If you allow yourself, you may begin to notice the heart in all things.
On Friday afternoon at a café, my husband Donald, who had just completed the silver soldering of a bronze lamp, and who loves all things heritage, was wondering how he might explain his passion for restoring and repairing items so central to his work and core values.
He wanted to prove a point about the importance of such artifacts and why they mattered.
This unique lamp – an angel with a wreath in hand – was obviously important to its owner, whose cat had knocked it over.
But it was more than that.
As Donald worked on it, a memory came to him.
Once as a young boy, he had asked his mother about a similar statue that stands beside Vancouver’s Waterfront Train Station.
It was a war memorial of an angel cradling a dead soldier in one arm and holding a wreath over his head with the other.

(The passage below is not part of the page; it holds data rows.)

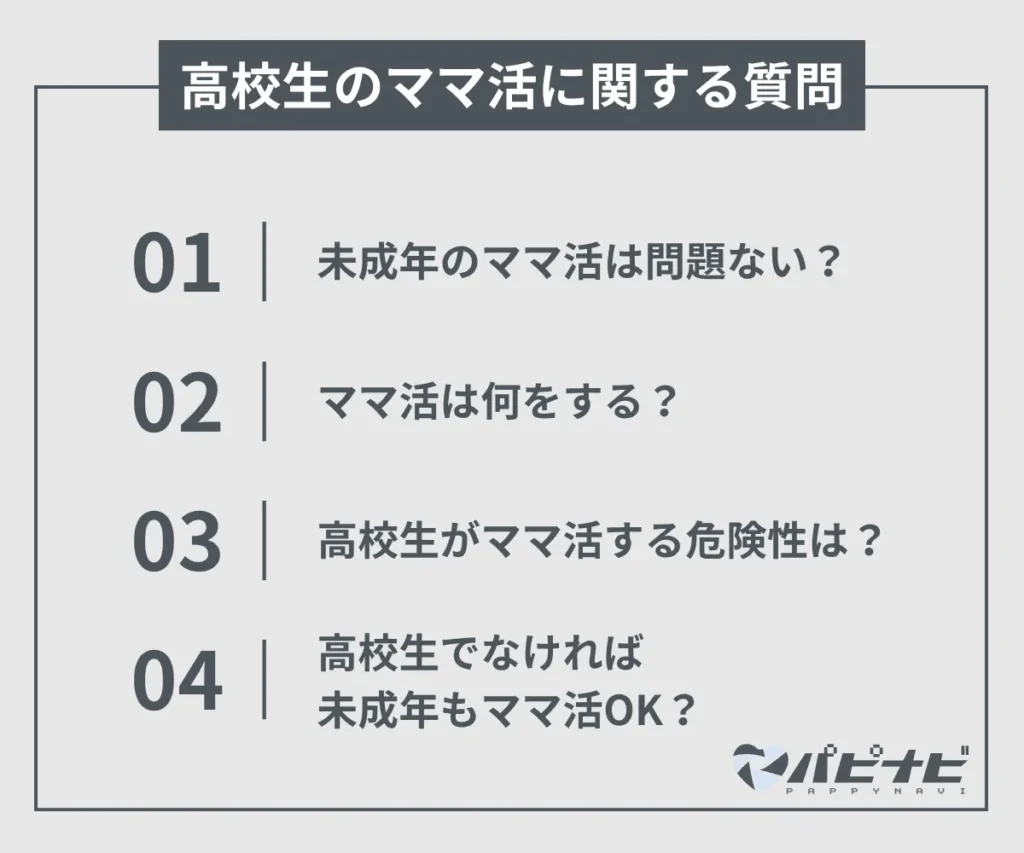 高校生のママ活に関する質問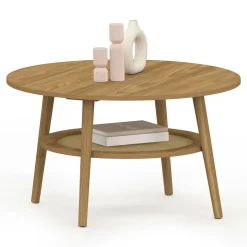 IDMarket Table basse 70 cm ronde bois façon hêtre et plateau effet naturel cannage* Tables Basses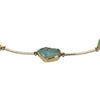 Modern Designer Rough Cut Aquamarine, Silver & 18kt Yellow Gold Set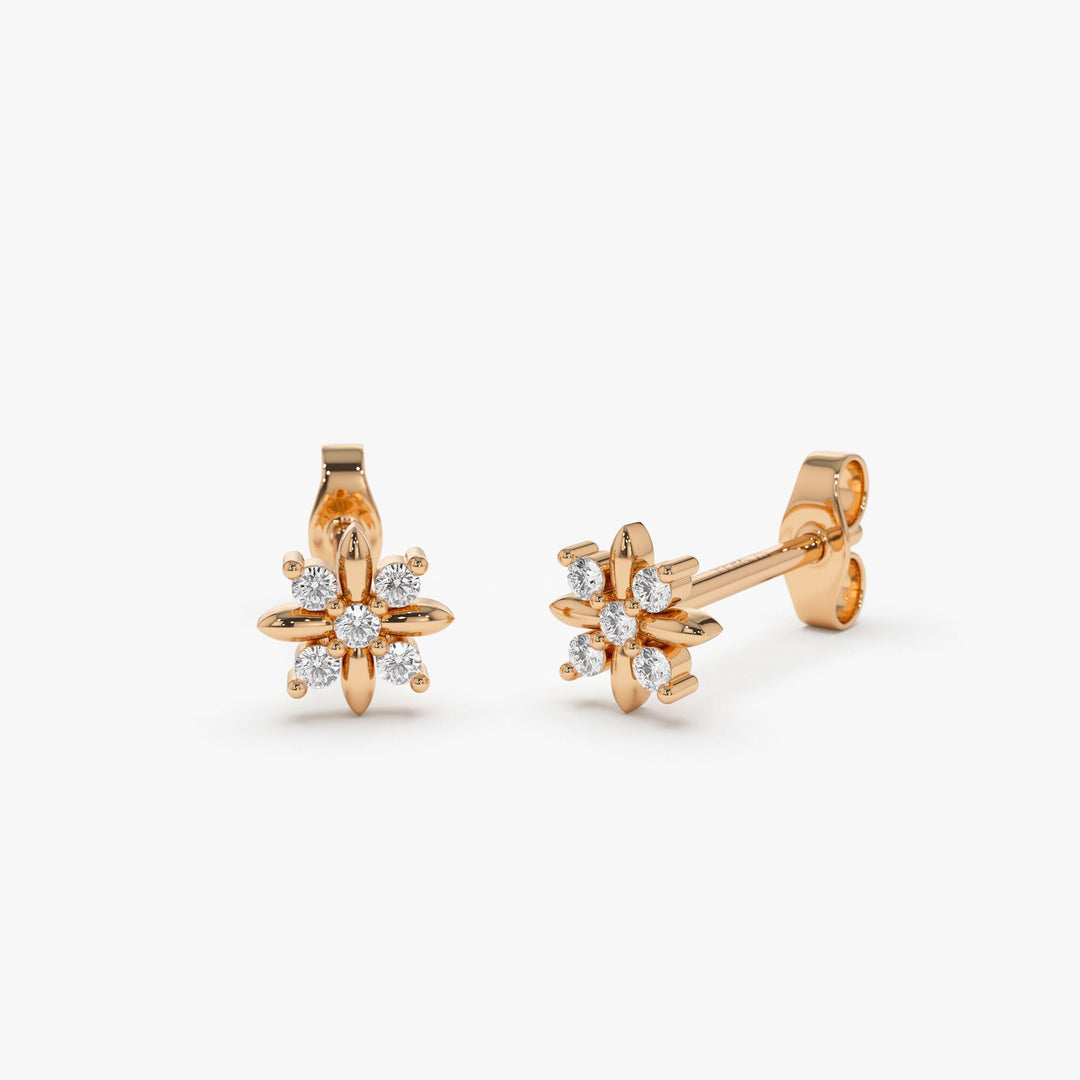 Floral Diamond Stud Earrings Birthday Gift for Women - Doozy Diamonds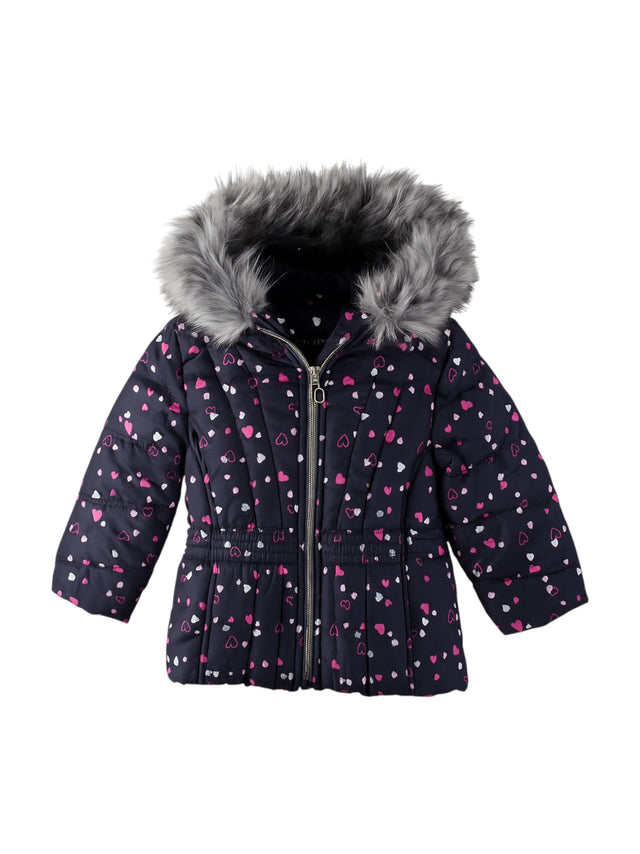 Image for Kids Girl's Quilted Printed Jacket Two Pokets,Navy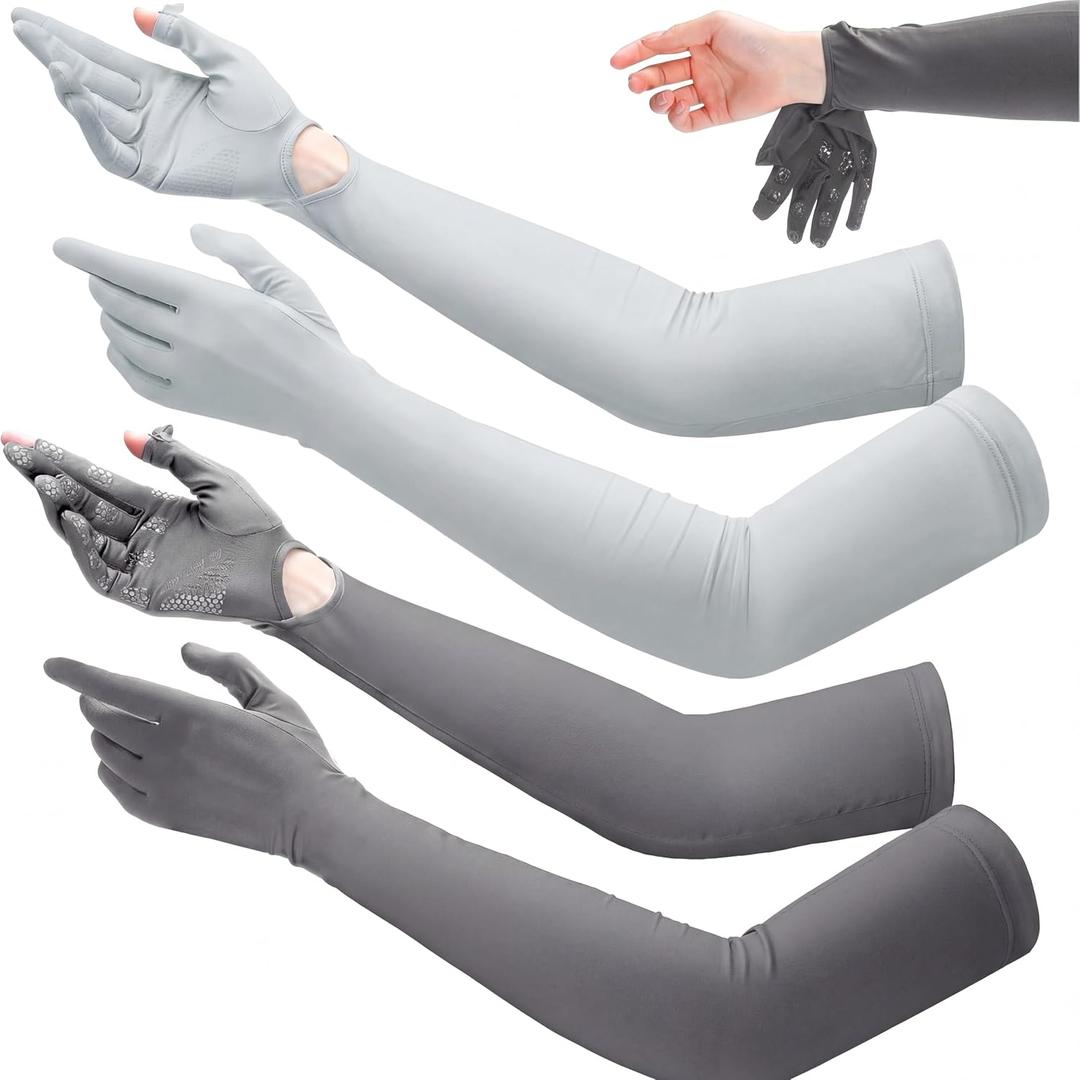 Yahenda 2 Pairs Women UV Long Sun Protection Gloves Touchscreen Arm Sun Driving Gloves UPF 50+ for Outdoor Sports Cycling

To Donald, it looked as if the angel was killing the soldier with that wreath, but his mother reassured him that the soldier had died in battle. Now, the angel was taking him to heaven.
Suddenly, with the telling of this tale, Donald’s desire to explain his passion came to life right in front of me.
These seemingly inanimate objects became real all because he had connected them to a meaningful story.
And now just as unexpectedly, the thread of this insight took me back to a workshop I had attended two days earlier where the leader spoke about how we de-animate and de-humanize people when we pressure or bully them to buy from us.
I remember being struck then by the unusual appearance of the word de-animate, and yet how completely appropriate it had been in the context of sales.
And now here I was, a few days later, weaving the idea of how we animate objects, attaching meaning and symbolism as we do through myths, fairy tales and images.
What a glorious convergence of events and ideas reflecting the importance of sensing the inherent heart within objects and the being-ness and essence of all things.